Philly’s Right-to-Know and 2015 – Part One

Photo: Flickr/ Dallas Photoworks

Photo: Flickr/ Dallas Photoworks

By Dustin Slaughter

Newsworks‘ Holly Otterbein reported last week on yet another troubling deficiency in the public’s right to access government records: namely, city employees can, and often do, arbitrarily delete emails after a mere 50 days.

Not only is this seemingly common practice – it’s official policy. To wit:

In Philadelphia, the city government permanently deletes all emails older than 50 days as a matter of policy unless they are saved by individual employees, NewsWorks has found.

That means any number of emails would not be available if residents requested them under Pennsylvania’s Right-to-Know law, and, even with forensic techniques, investigators would likely have a hard time digging them up, too.

Otterbein’s latest adds to an already troubling list of grievances journalists and others alike have with how Philly government “respects” (read: tramples) on our right to watchdog our elected leaders’ taxpayer-sanctioned activities and decisions.

Daily News‘ William Bender has also chronicled, in painstaking detail, city government’s disdain for transparency.

Last year, Bender wrote a scathing take-down of the Nutter administration’s failure in the transparency department, the same mayor who proclaimed in his inaugural address: “There is nothing that government does that cannot be done ethically and transparently.

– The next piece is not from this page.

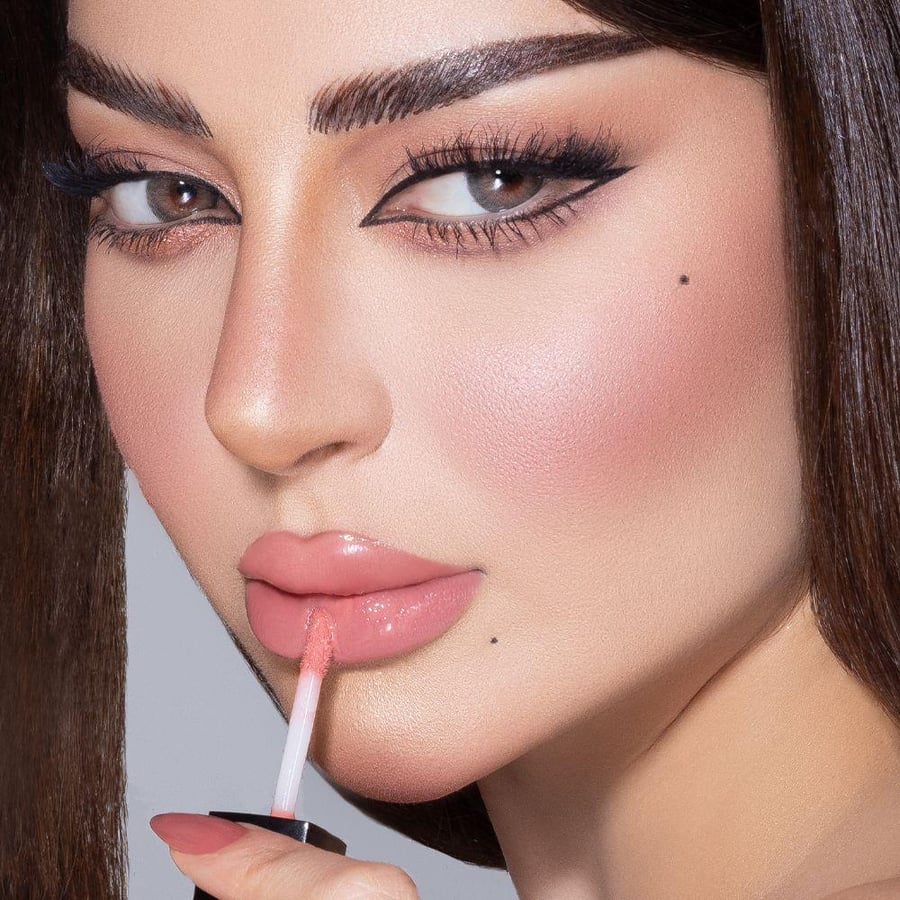 ملمع ومكبر شفاه بلامبينج Calla Makeup CM402 وردي شفاف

Nothing.”

Except when it comes to elevator records – and much more:

You’d think that Philadelphia City Paper reporter Ryan Briggs could easily find out who had received grants from the Philadelphia Activities Fund, a city slush fund.

Wrong.

First, Briggs was told he’d have to submit a formal request. But the city responded to his straightforward request for grant recipients with a Kafkaesque 1,400-word letter that claimed, among other things, that they didn’t understand what he wanted because he’d used a different word (“documents”) in the body of the email than in the actual Right-to-Know request (“records”) that was attached to the email.

Cute.

With nearly every one of the dozens of requests The Declaration has filed since we began our expletive-inducing journey through this city’s public records process, the law department’s near cookie-cutter response has been clearly apparent.

It’s almost as if all of this boilerplate tripe is…official policy.

But I digress. And so, because the Nutter administration will be skipping town for greener pastures sooner rather than later, The Declaration reached out to Philly mayoral candidates Terry Gillen and Ken Trujillo in order to suss out what steps their would-be administrations might take to alleviate transparency concerns, and take it upon ourselves to hopefully inject this issue into the campaign season.

But it just so happens that they don’t have much to offer at the moment.

Gillen’s campaign emailed us back promptly on Friday:

Right-To-Know reform is a serious issue, one that our policy team has under consideration.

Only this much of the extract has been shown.